*Work instructions*
An exact repetition of the data below, without images, is the expected answer.

*Dataset extract*
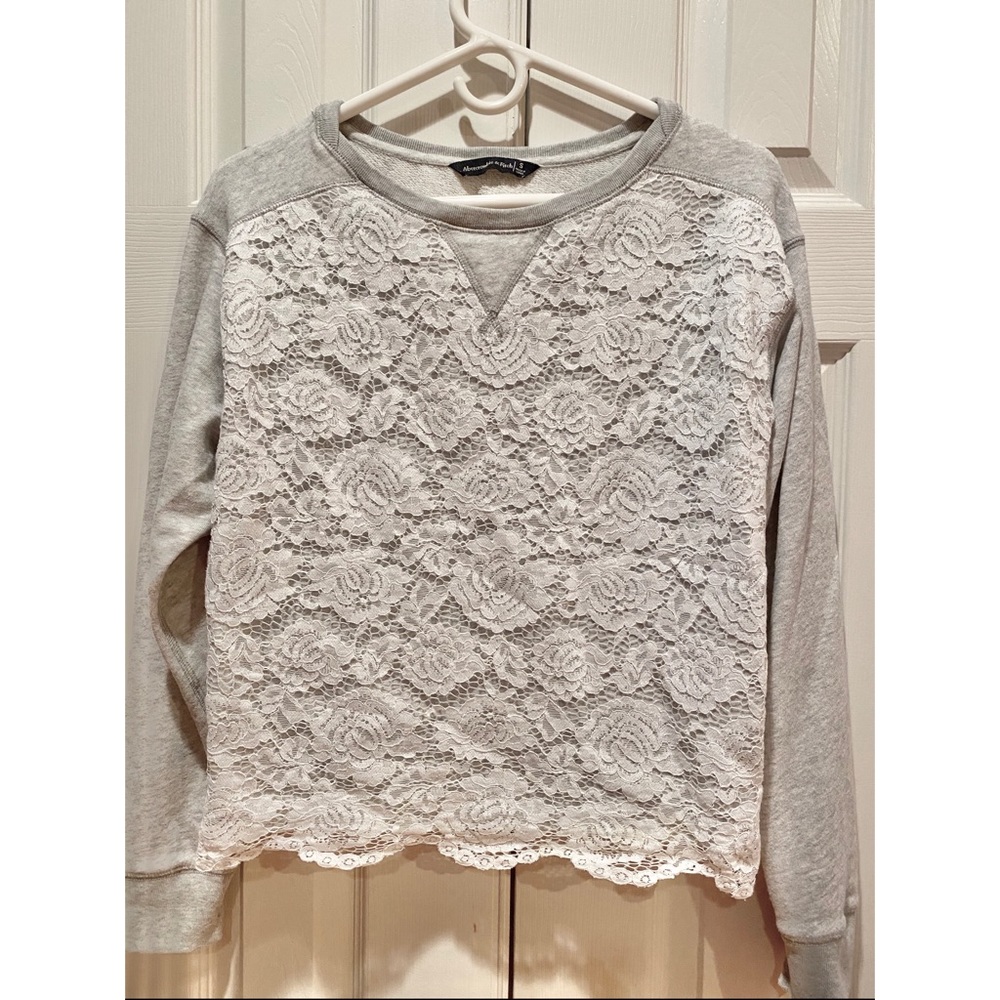 Abercrombie Lace Embroidered Crewneck Sweater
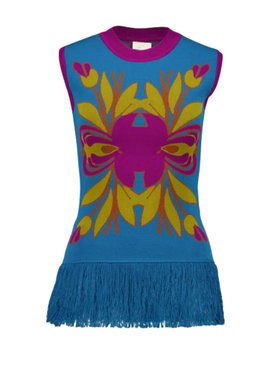 Paula Tina Mykonos Blue Jacquard Tank Top with Fringes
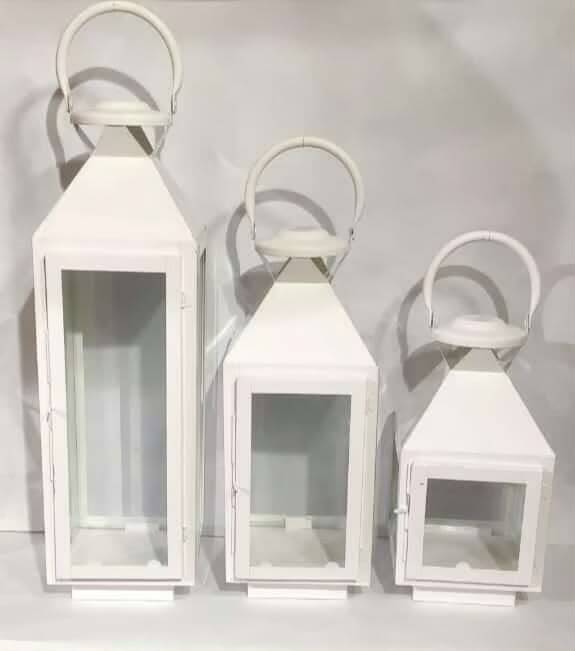 White Metal Candle Lantern Set of 3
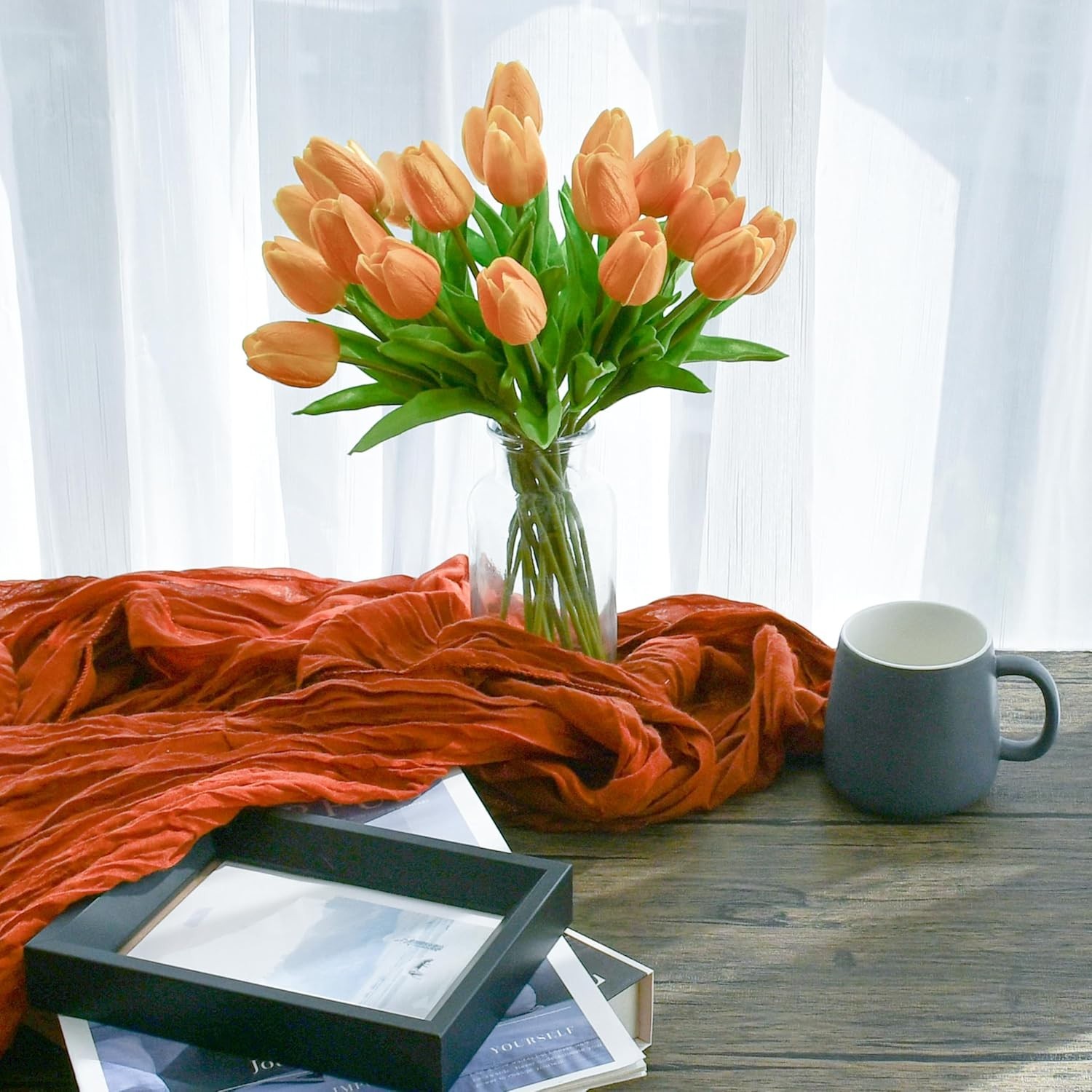 Lifelike Gold Tulips Centerpiece – 20 Eco-Friendly Stems for Stylish Home Decor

*Answer to the exercise*
 Abercrombie Lace Embroidered Crewneck Sweater
 Paula Tina Mykonos Blue Jacquard Tank Top with Fringes
 White Metal Candle Lantern Set of 3
 Lifelike Gold Tulips Centerpiece – 20 Eco-Friendly Stems for Stylish Home Decor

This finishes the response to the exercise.